WHAT YOU SHOULD DO: Transcribe the lines from the start of the data below through the line with "ネパール 花刺繍 ボタニカル柄", word for word and nothing more.

INFORMATION PROVIDED:
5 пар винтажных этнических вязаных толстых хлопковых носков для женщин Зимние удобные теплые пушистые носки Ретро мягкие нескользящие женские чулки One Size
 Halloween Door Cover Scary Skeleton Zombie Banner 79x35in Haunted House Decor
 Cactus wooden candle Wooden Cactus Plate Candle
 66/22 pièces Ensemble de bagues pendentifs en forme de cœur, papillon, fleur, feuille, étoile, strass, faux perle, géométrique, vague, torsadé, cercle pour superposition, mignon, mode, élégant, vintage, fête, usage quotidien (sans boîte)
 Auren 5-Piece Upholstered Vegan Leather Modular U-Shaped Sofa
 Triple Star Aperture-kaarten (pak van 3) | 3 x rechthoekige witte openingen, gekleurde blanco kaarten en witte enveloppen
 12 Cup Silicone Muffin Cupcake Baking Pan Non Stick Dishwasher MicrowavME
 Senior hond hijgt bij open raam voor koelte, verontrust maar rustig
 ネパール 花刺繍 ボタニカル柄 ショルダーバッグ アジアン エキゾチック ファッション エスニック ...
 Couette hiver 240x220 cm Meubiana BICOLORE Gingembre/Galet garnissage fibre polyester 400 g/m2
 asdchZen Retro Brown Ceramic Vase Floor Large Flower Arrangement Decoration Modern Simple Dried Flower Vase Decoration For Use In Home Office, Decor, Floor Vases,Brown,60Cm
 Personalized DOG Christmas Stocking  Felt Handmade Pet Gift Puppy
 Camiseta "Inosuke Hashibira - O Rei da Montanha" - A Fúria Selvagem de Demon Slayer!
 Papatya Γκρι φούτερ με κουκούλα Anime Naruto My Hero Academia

SOLUTION FOR THIS PROBLEM:
5 пар винтажных этнических вязаных толстых хлопковых носков для женщин Зимние удобные теплые пушистые носки Ретро мягкие нескользящие женские чулки One Size
 Halloween Door Cover Scary Skeleton Zombie Banner 79x35in Haunted House Decor
 Cactus wooden candle Wooden Cactus Plate Candle
 66/22 pièces Ensemble de bagues pendentifs en forme de cœur, papillon, fleur, feuille, étoile, strass, faux perle, géométrique, vague, torsadé, cercle pour superposition, mignon, mode, élégant, vintage, fête, usage quotidien (sans boîte)
 Auren 5-Piece Upholstered Vegan Leather Modular U-Shaped Sofa
 Triple Star Aperture-kaarten (pak van 3) | 3 x rechthoekige witte openingen, gekleurde blanco kaarten en witte enveloppen
 12 Cup Silicone Muffin Cupcake Baking Pan Non Stick Dishwasher MicrowavME
 Senior hond hijgt bij open raam voor koelte, verontrust maar rustig
 ネパール 花刺繍 ボタニカル柄 ショルダーバッグ アジアン エキゾチック ファッション エスニック ...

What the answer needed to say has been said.